[EXERCISE MATERIALS Boundary: Start]
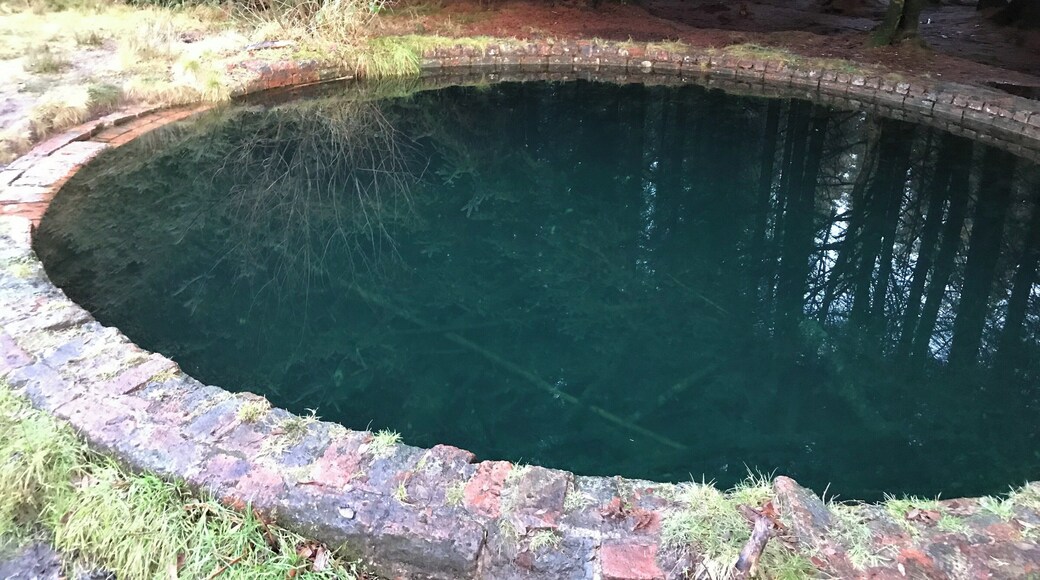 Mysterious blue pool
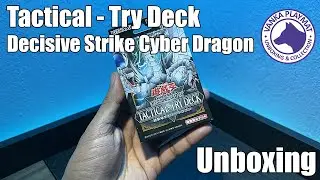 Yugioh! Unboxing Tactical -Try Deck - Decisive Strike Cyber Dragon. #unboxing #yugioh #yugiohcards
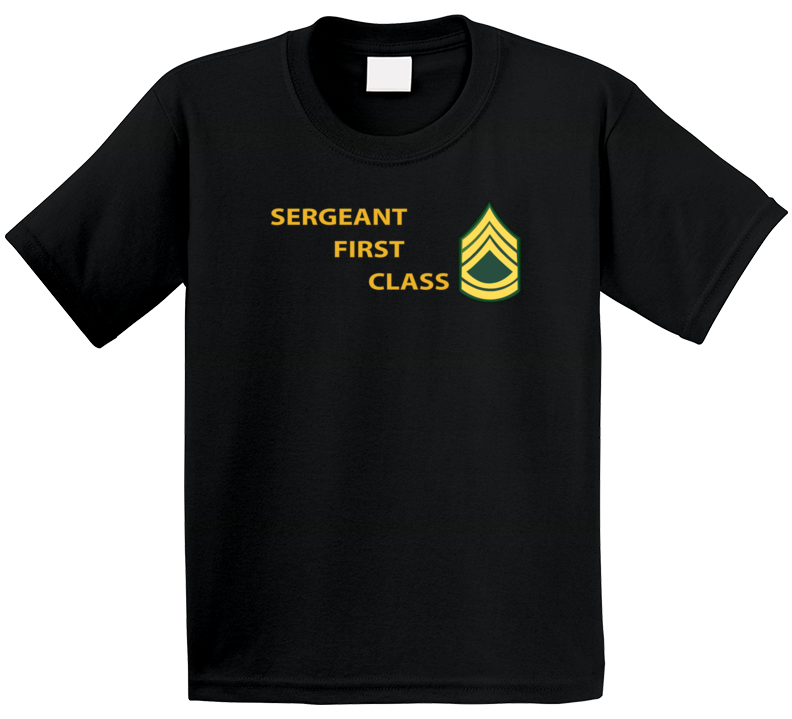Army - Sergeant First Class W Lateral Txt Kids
[EXERCISE MATERIALS Boundary: End]
[EXERCISE MATERIALS Boundary: Start]
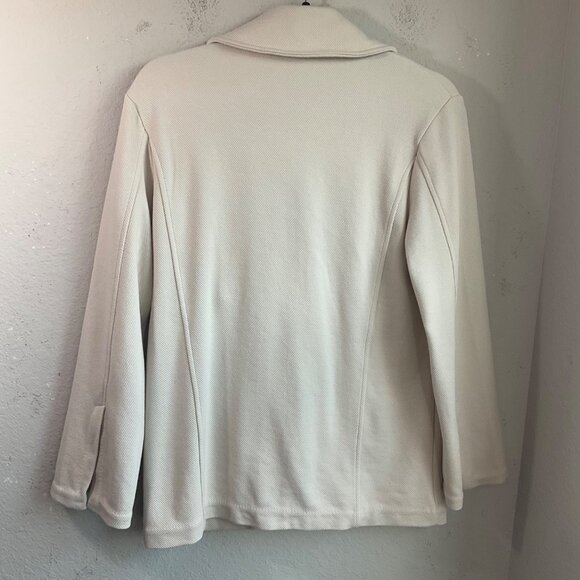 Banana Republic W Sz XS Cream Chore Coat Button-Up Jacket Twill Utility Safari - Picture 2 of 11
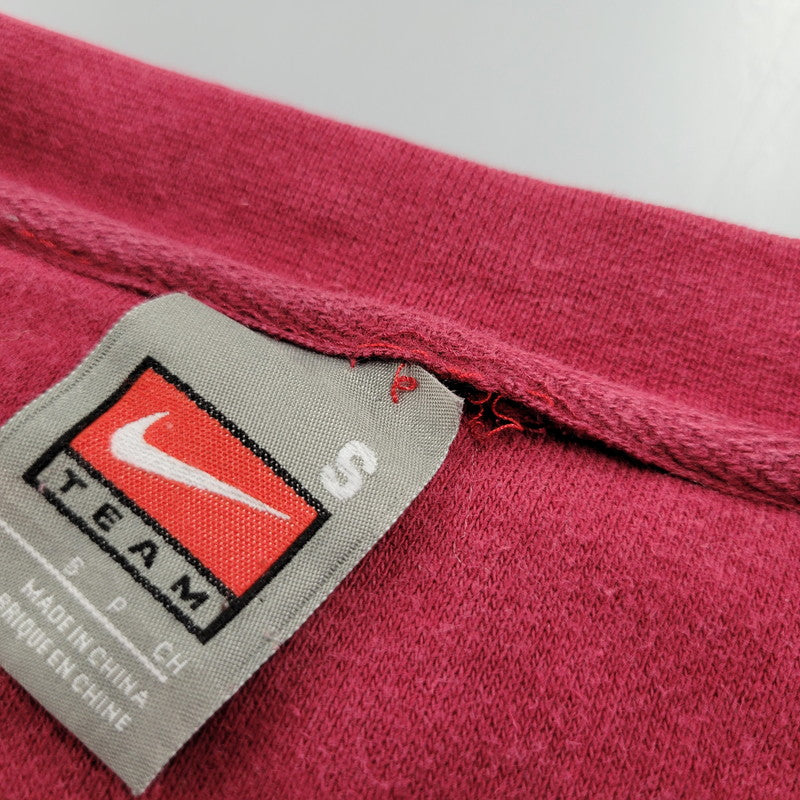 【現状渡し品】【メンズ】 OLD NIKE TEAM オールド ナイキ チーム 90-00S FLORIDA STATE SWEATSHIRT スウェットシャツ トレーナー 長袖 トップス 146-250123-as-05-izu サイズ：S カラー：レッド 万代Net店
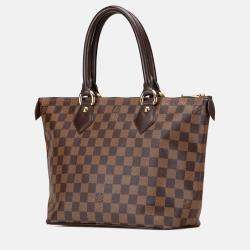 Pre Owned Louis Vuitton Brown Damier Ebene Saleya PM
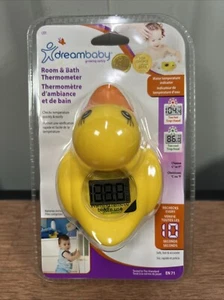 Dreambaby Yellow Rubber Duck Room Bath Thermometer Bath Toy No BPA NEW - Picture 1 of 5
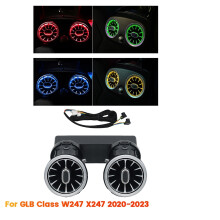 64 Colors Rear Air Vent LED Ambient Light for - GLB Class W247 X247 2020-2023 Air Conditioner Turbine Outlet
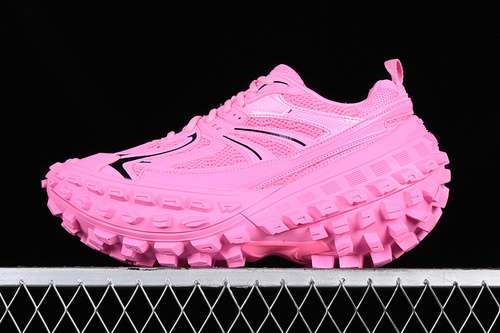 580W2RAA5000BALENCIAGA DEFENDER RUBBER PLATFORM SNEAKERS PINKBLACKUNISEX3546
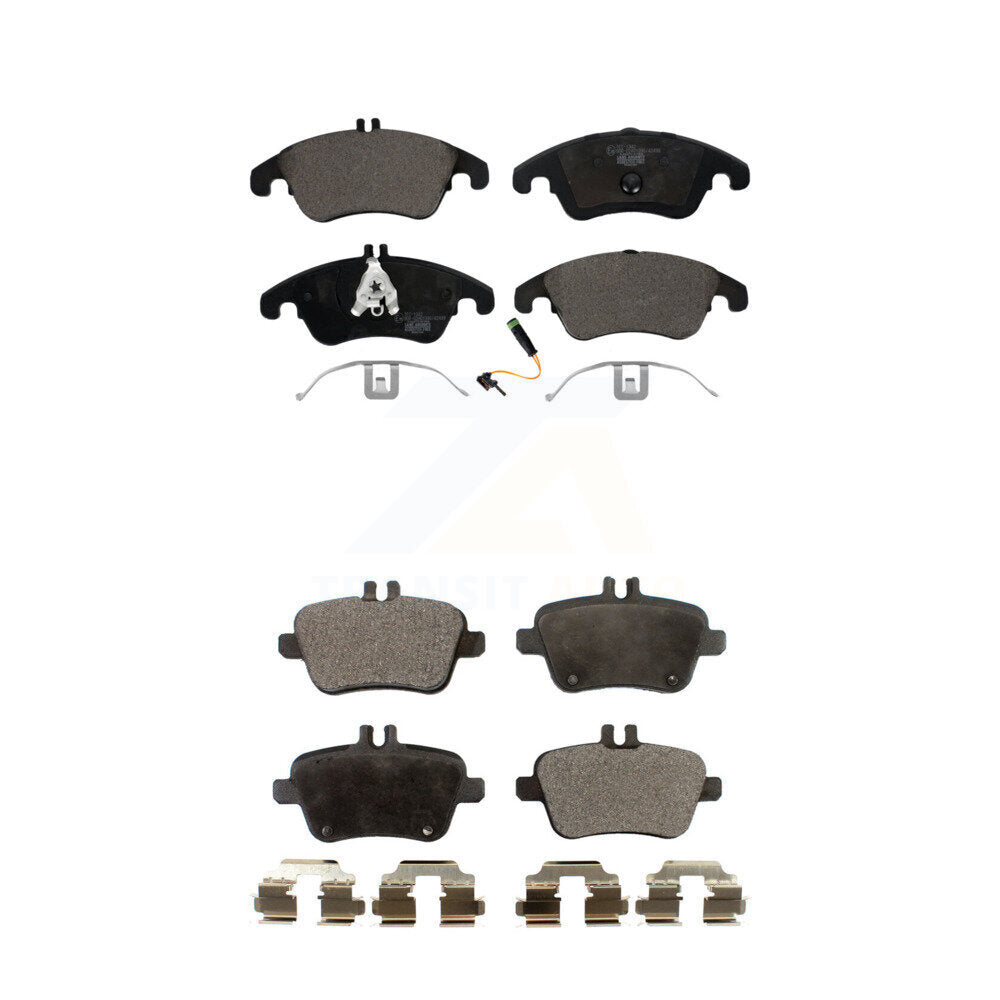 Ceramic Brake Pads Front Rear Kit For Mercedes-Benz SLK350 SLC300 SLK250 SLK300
[EXERCISE MATERIALS Boundary: End]
[EXERCISE MATERIALS Boundary: Start]
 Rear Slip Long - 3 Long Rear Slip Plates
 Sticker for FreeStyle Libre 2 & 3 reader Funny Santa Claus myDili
[EXERCISE MATERIALS Boundary: End]
WORK ITEM | Write out, word for word, the stretch of entries that begins at the line with "Mysterious blue pool" and ends at the line with "Army - Sergeant". Pictures do not belong in it.

YOUR SOLUTION |
 Mysterious blue pool
 Yugioh! Unboxing Tactical -Try Deck - Decisive Strike Cyber Dragon. #unboxing #yugioh #yugiohcards
Army - Sergeant First Class W Lateral Txt Kids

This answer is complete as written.